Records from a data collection
|---|

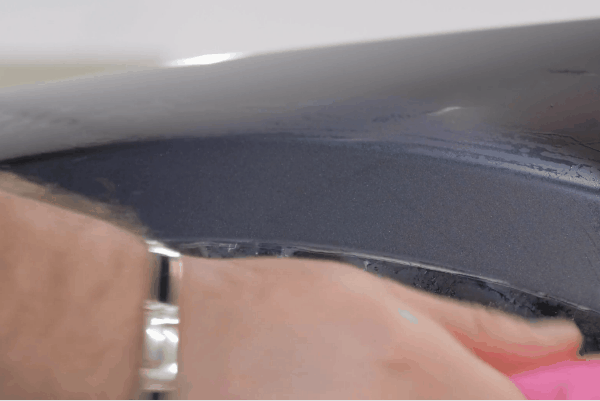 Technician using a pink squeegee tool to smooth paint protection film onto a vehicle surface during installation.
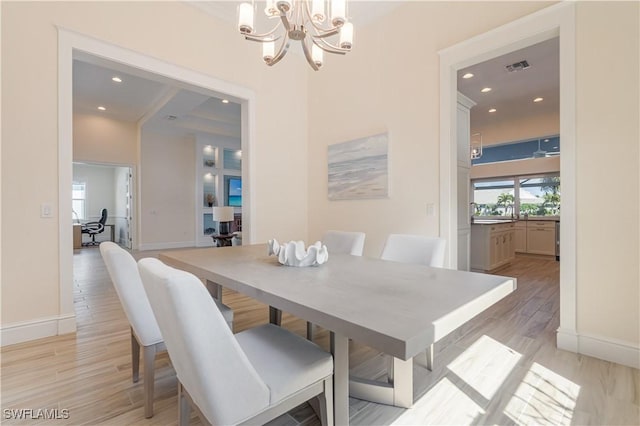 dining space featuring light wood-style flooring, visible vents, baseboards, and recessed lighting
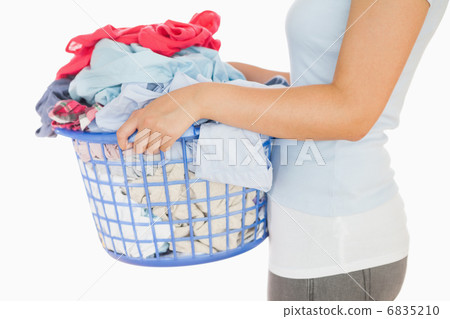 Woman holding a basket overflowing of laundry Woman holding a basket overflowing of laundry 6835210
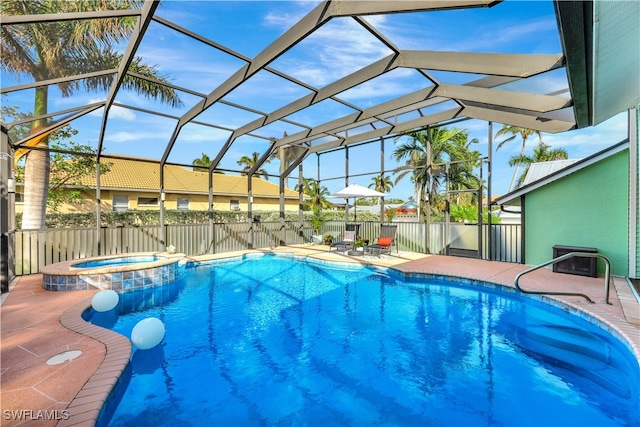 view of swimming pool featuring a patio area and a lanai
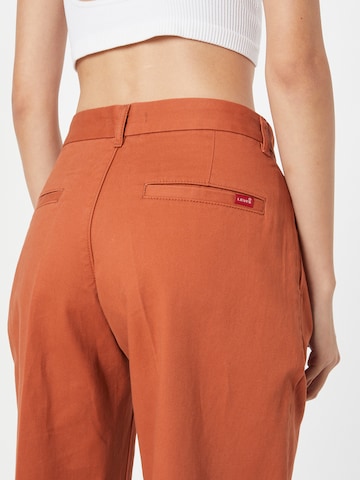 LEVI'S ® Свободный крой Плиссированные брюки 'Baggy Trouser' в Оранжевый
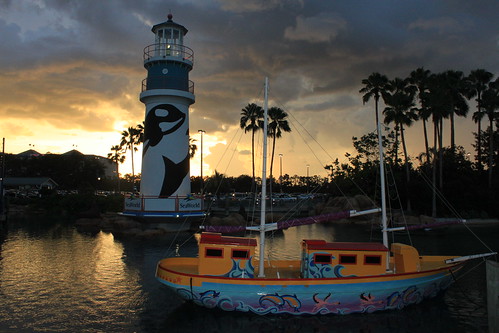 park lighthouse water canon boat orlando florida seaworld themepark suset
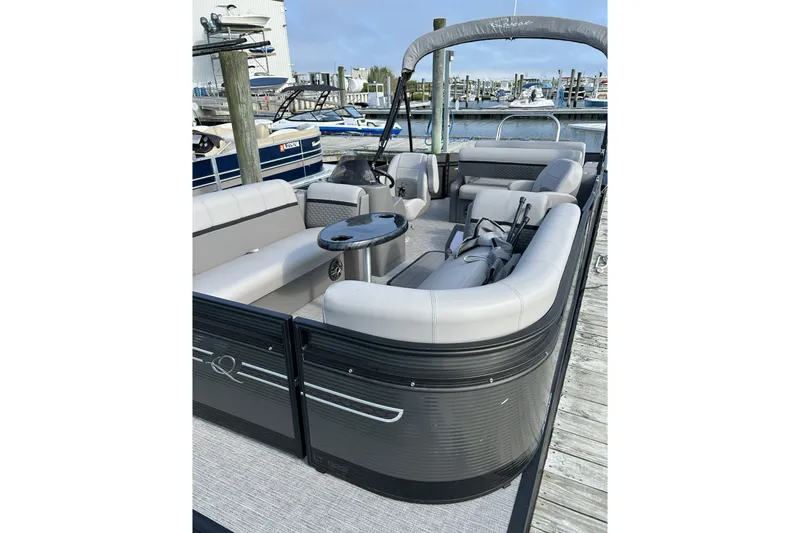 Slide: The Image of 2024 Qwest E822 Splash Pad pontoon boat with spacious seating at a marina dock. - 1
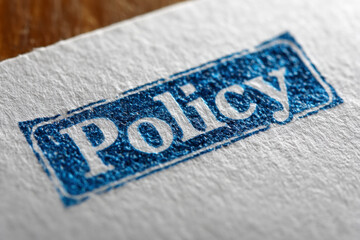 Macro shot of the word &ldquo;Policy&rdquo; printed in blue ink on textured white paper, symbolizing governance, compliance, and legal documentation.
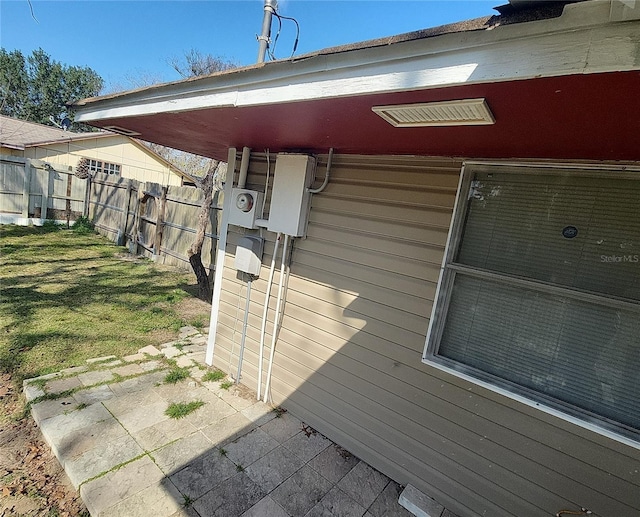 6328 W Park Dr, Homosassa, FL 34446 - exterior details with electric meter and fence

|---|

Beginning with the line containing "view of swimming" and ending with the last line of the data, output those lines exactly and nothing more. Omit every picture.

 view of swimming pool featuring a patio area and a lanai
 LEVI'S ® Свободный крой Плиссированные брюки 'Baggy Trouser' в Оранжевый
 park lighthouse water canon boat orlando florida seaworld themepark suset
 Slide: The Image of 2024 Qwest E822 Splash Pad pontoon boat with spacious seating at a marina dock. - 1
 Macro shot of the word &ldquo;Policy&rdquo; printed in blue ink on textured white paper, symbolizing governance, compliance, and legal documentation.
 6328 W Park Dr, Homosassa, FL 34446 - exterior details with electric meter and fence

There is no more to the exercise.